Antarctic Fish Species has natural antifreeze
Researchers have revealed an interesting fact about a fish species known as Notothenioids. The fish have ice in their veins, which doesn't even melt during warm season. The fish produce proteins that act as a type of natural anti-freeze which keeps the ice crystals small in size.
These proteins make sure that ice crystals do not grow beyond a certain size. Through the new study, a new function of the protein was unveiled that they do not let ice melt quite rapidly.
Lead researcher Paul Cziko of the University of Oregon said after carrying out experiments, they came to know about the new feature of the proteins. During the experiments, researchers left the fish in warm water to the predicted melting point of -1.1 centigrade, but ice crystals did not melt.
The research team increased the level of the experiment by raising the temperature by another degree centigrade, but then also the ice crystals remained inside the fish body. It has happened for the first time that ice has not melted beyond its melting point in nature, affirmed researchers.

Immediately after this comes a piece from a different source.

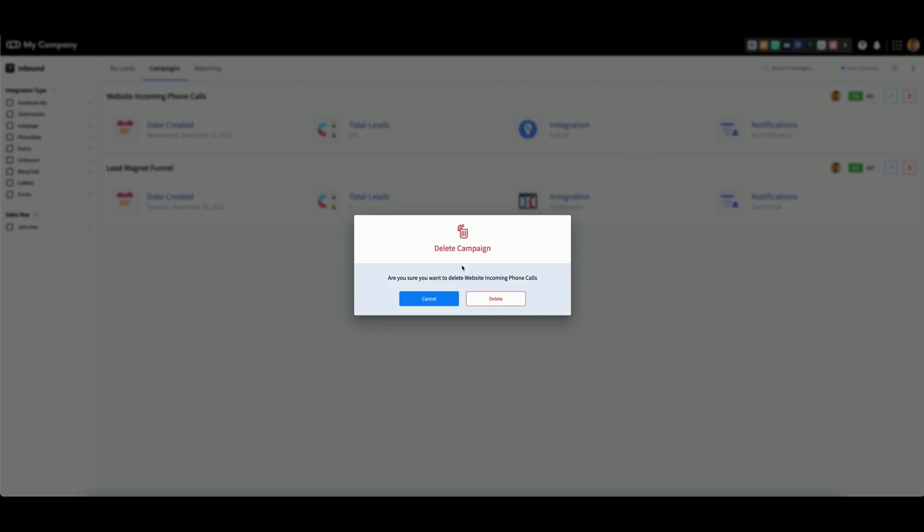As a precaution, you will receive a notification requesting confirmation that you mean to permanently delete the campaign.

Cziko thinks that in earlier studies, researchers might not have paid attention towards the natural anti-freeze proteins. They might have been focussing towards the ability of fish to tackle cold temperatures, and not warm temperatures.

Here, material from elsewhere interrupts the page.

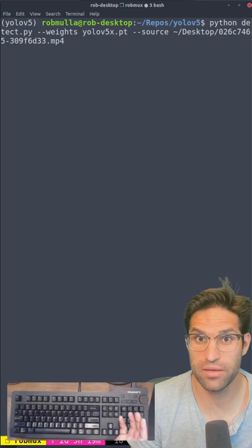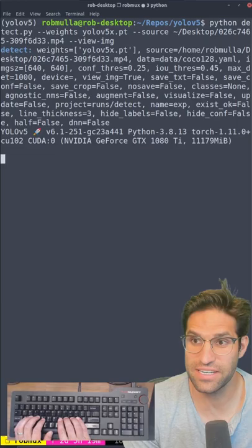You don't have to use your webcam. You can run it on a video file. Just add view image to see the image as it detects. This footage of a car driving shows all the detected objects.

Researchers think that if the fish would not have evolved anti-freeze ability, then it might have proved fatal in the long term. One of the researchers, Dr. Christina Cheng of the University of Oregon, said the research is a perfect example that evolution is a flawless process.
"Adaptation is a story of trade-offs and compromise. Every good evolutionary innovation probably comes with some bad, unintended effects", affirmed Cheng.
The research, published in the journal Proccedings of the National Academy of Sciences (PNAS), revealed that it is one of the few species of fish that have the ability to survive in the frigid waters in Antarctica.